=== What is being asked ===
Print the data in full, exactly as it reads.

=== Data shown ===
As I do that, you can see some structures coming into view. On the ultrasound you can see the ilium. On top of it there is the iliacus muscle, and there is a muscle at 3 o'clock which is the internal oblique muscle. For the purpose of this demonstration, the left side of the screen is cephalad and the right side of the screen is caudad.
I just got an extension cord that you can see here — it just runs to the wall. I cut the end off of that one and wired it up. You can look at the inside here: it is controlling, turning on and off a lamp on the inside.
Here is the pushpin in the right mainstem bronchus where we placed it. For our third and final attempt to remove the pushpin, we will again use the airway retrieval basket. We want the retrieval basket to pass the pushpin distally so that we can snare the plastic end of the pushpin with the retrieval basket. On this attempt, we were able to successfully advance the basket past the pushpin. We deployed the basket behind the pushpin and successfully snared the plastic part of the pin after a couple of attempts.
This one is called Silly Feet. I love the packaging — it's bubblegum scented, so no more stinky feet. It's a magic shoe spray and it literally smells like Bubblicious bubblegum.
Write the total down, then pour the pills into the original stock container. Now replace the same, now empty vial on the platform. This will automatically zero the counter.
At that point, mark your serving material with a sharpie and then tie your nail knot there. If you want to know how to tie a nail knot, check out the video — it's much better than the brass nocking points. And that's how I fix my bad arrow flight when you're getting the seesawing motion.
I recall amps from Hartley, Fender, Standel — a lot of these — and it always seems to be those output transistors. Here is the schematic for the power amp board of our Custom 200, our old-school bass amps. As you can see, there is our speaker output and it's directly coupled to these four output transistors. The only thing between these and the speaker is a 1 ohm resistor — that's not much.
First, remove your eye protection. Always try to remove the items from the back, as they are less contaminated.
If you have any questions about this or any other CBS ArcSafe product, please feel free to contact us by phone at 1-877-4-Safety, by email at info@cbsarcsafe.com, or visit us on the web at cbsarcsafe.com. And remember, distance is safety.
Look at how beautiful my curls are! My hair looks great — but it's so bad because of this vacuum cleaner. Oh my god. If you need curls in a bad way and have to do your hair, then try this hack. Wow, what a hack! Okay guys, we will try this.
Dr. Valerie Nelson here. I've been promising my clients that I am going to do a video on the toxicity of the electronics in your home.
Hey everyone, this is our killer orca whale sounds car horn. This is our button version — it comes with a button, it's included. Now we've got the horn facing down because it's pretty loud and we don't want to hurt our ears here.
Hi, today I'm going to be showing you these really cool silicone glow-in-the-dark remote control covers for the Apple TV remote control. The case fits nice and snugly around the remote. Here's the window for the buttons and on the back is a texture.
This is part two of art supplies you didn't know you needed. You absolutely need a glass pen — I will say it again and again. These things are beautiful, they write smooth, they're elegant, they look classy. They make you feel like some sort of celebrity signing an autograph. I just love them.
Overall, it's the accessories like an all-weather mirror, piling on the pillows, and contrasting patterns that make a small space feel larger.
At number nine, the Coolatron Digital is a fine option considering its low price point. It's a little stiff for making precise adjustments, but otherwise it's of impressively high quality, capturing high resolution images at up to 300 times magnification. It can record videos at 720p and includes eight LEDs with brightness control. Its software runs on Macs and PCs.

=== Reply ===
As I do that, you can see some structures coming into view. On the ultrasound you can see the ilium. On top of it there is the iliacus muscle, and there is a muscle at 3 o'clock which is the internal oblique muscle. For the purpose of this demonstration, the left side of the screen is cephalad and the right side of the screen is caudad.
I just got an extension cord that you can see here — it just runs to the wall. I cut the end off of that one and wired it up. You can look at the inside here: it is controlling, turning on and off a lamp on the inside.
Here is the pushpin in the right mainstem bronchus where we placed it. For our third and final attempt to remove the pushpin, we will again use the airway retrieval basket. We want the retrieval basket to pass the pushpin distally so that we can snare the plastic end of the pushpin with the retrieval basket. On this attempt, we were able to successfully advance the basket past the pushpin. We deployed the basket behind the pushpin and successfully snared the plastic part of the pin after a couple of attempts.
This one is called Silly Feet. I love the packaging — it's bubblegum scented, so no more stinky feet. It's a magic shoe spray and it literally smells like Bubblicious bubblegum.
Write the total down, then pour the pills into the original stock container. Now replace the same, now empty vial on the platform. This will automatically zero the counter.
At that point, mark your serving material with a sharpie and then tie your nail knot there. If you want to know how to tie a nail knot, check out the video — it's much better than the brass nocking points. And that's how I fix my bad arrow flight when you're getting the seesawing motion.
I recall amps from Hartley, Fender, Standel — a lot of these — and it always seems to be those output transistors. Here is the schematic for the power amp board of our Custom 200, our old-school bass amps. As you can see, there is our speaker output and it's directly coupled to these four output transistors. The only thing between these and the speaker is a 1 ohm resistor — that's not much.
First, remove your eye protection. Always try to remove the items from the back, as they are less contaminated.
If you have any questions about this or any other CBS ArcSafe product, please feel free to contact us by phone at 1-877-4-Safety, by email at info@cbsarcsafe.com, or visit us on the web at cbsarcsafe.com. And remember, distance is safety.
Look at how beautiful my curls are! My hair looks great — but it's so bad because of this vacuum cleaner. Oh my god. If you need curls in a bad way and have to do your hair, then try this hack. Wow, what a hack! Okay guys, we will try this.
Dr. Valerie Nelson here. I've been promising my clients that I am going to do a video on the toxicity of the electronics in your home.
Hey everyone, this is our killer orca whale sounds car horn. This is our button version — it comes with a button, it's included. Now we've got the horn facing down because it's pretty loud and we don't want to hurt our ears here.
Hi, today I'm going to be showing you these really cool silicone glow-in-the-dark remote control covers for the Apple TV remote control. The case fits nice and snugly around the remote. Here's the window for the buttons and on the back is a texture.
This is part two of art supplies you didn't know you needed. You absolutely need a glass pen — I will say it again and again. These things are beautiful, they write smooth, they're elegant, they look classy. They make you feel like some sort of celebrity signing an autograph. I just love them.
Overall, it's the accessories like an all-weather mirror, piling on the pillows, and contrasting patterns that make a small space feel larger.
At number nine, the Coolatron Digital is a fine option considering its low price point. It's a little stiff for making precise adjustments, but otherwise it's of impressively high quality, capturing high resolution images at up to 300 times magnification. It can record videos at 720p and includes eight LEDs with brightness control. Its software runs on Macs and PCs.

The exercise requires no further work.